CVN-N001-ED — Feature Importance ablation (Round 2 of 3)¶

epic_id: CVN-N001-ED need_id: CVN-N001 (F1 mission, #608) Status: draft — plan for review Created: 2026-04-24 Owner: operator Related: CVN-N001-EC (pte_envelope, #630), n_features variance-based (#640)

Objective¶

Test whether feature-importance-based top-K selection outperforms the variance-based top-K selection shipped in Round 1 (n_features).

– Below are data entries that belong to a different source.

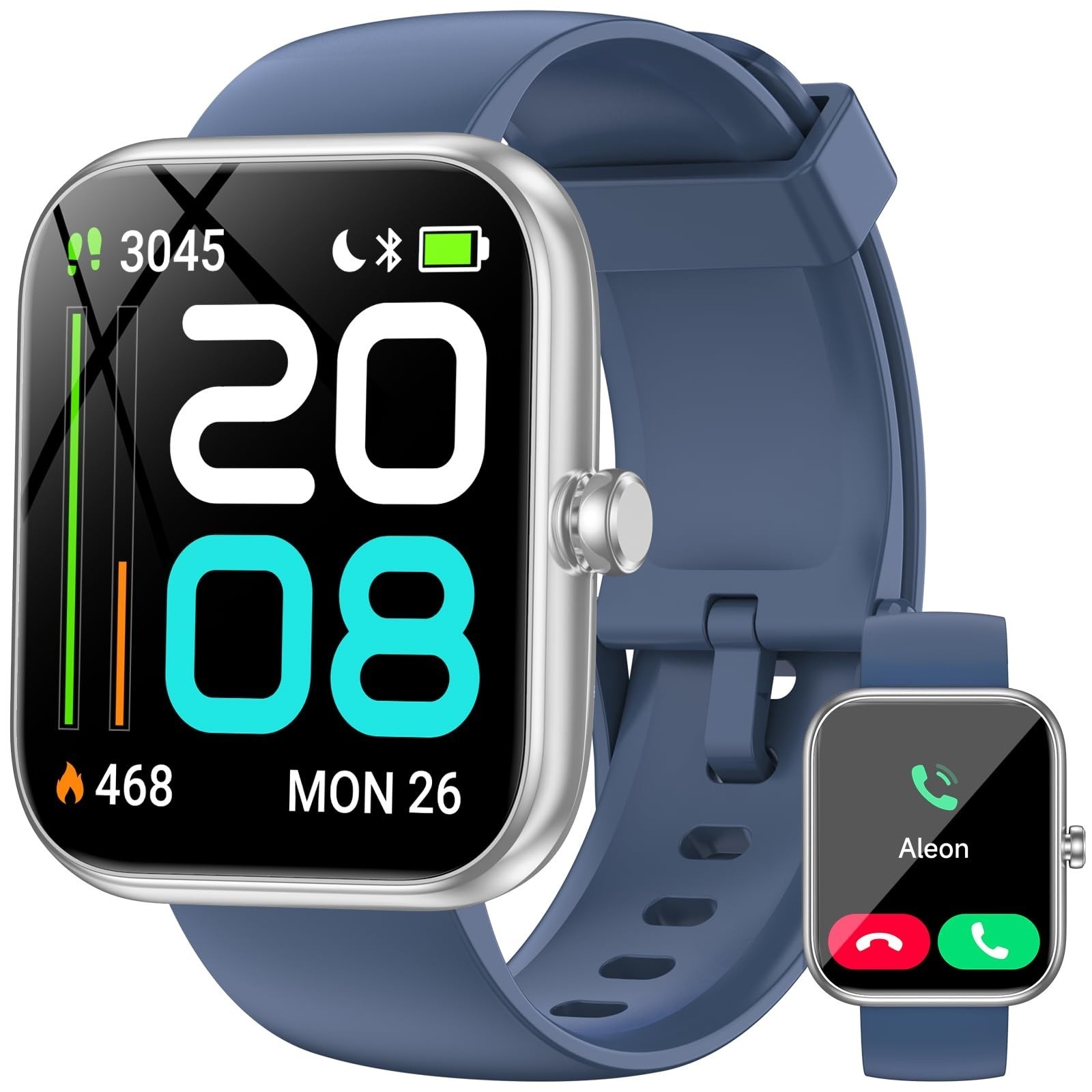 BOOOMIC Smart Watch with Alexa, 1.83″ HD Touchscreen, Waterproof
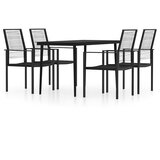  9-dijelni vrtni blagovaonski set crni | shoptok.hr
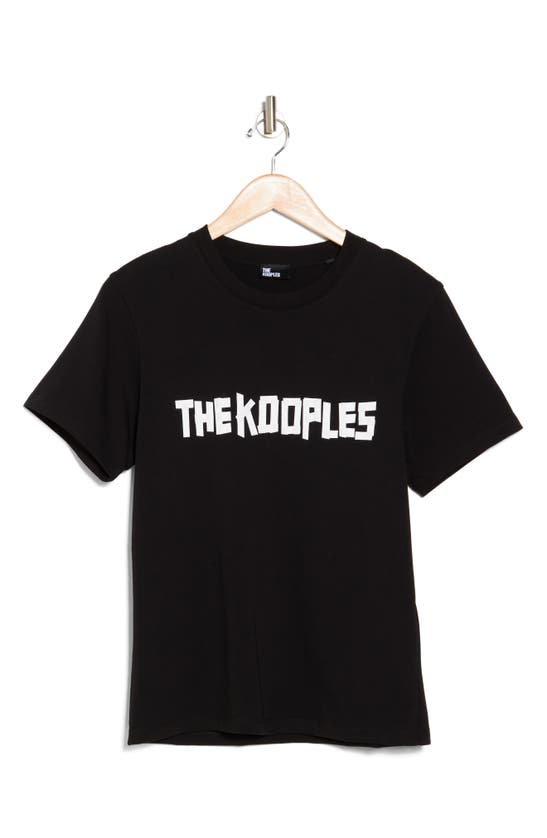 The Kooples Logo Cotton Jersey T-shirt In Black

Round 2 of the 3-round feature ablation roadmap.

Context — what Round 1 tells us¶

Latest n_features FTF run (ftf_20260423_164514_a07cce, 2026-04-23) on γ anchor sl0.5_tp1.5 H4:

Winner: top_100 (Sortino 1.898)
Full (~300 features) loses to top_100 by Sortino 0.26 → overfit signal
Curve is ∩-inverted — optimum around 100–150 features, dropoff at top_50 and below
But 0/4 statistical significance across all pairs — the 6 variants form a cluster

Interpretation: variance-based top-K captures some of the overfit benefit, but can't discriminate cleanly. Variance is a blunt proxy — a high-variance feature isn't necessarily informative. FI is the natural next lever because it measures actual predictive contribution.

The leakage problem¶

Naïve approach (train model → extract FI → reselect features → retrain on same data) leaks labels into feature selection. Invariant to preserve: the feature set passed to trainer T must be chosen on data disjoint from T's training fold.

Pattern adopted: OOF FI on a reserved reference fold.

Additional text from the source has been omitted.